Eddie B. Moss (born September 27, 1948) is an American former professional football player who was a running back in the National Football League (NFL) for the St. Louis Cardinals and the Washington Redskins. He played college football for the Southeast Missouri State Redhawks and was selected by the Buffalo Bills in the 13th round of the 1972 NFL draft.

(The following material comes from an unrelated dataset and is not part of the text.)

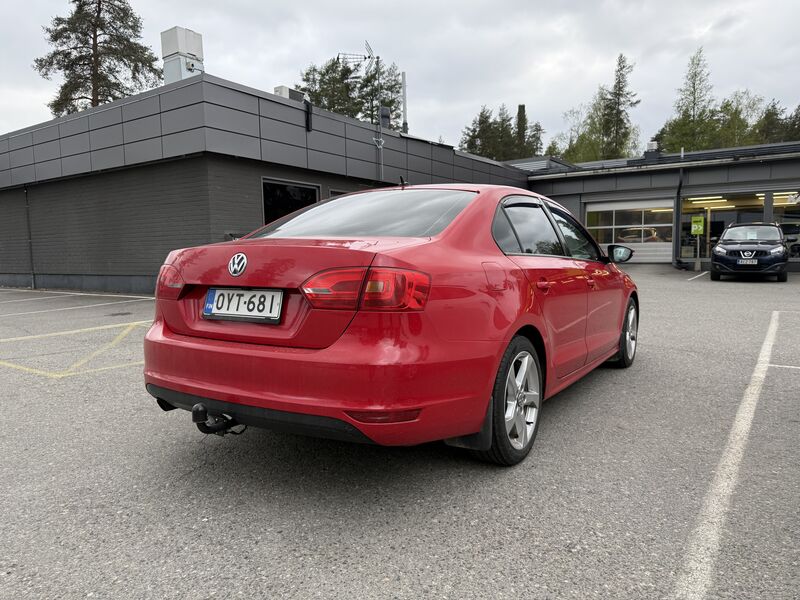 Volkswagen Jetta vaihtoauto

==High school and college years==
Moss was a 1967 graduate of Poplar Bluff High School where he starred on both sides of the ball. He was named all-conference at linebacker and running back his senior season on a team that finished with a 9–0 record. After high school, Moss played two seasons for Centerville Community College in Iowa and then transferred to Southeast Missouri State, in Cape Girardeau. At SEMO, he led the team in rushing his junior and senior years and combined to score 16 touchdowns.

==Pro career==
Moss was selected by the Buffalo Bills in the 13th round of the 1972 NFL draft but failed to make the team. He signed with the Cardinals in 1973 where he played four seasons, primarily on special teams and blocking for Terry Metcalf. The Cardinals won two NFC East division titles during his stay in St. Louis. He spent the final two years of his career in Washington before retiring after the 1978 season.

==Post career==
After retirement, Moss spent 27 years with the United Parcel Service and was inducted into the Missouri Sports Hall of Fame in 2016.

==Personal life==
He is the brother of former CFL running back, Leroy Moss.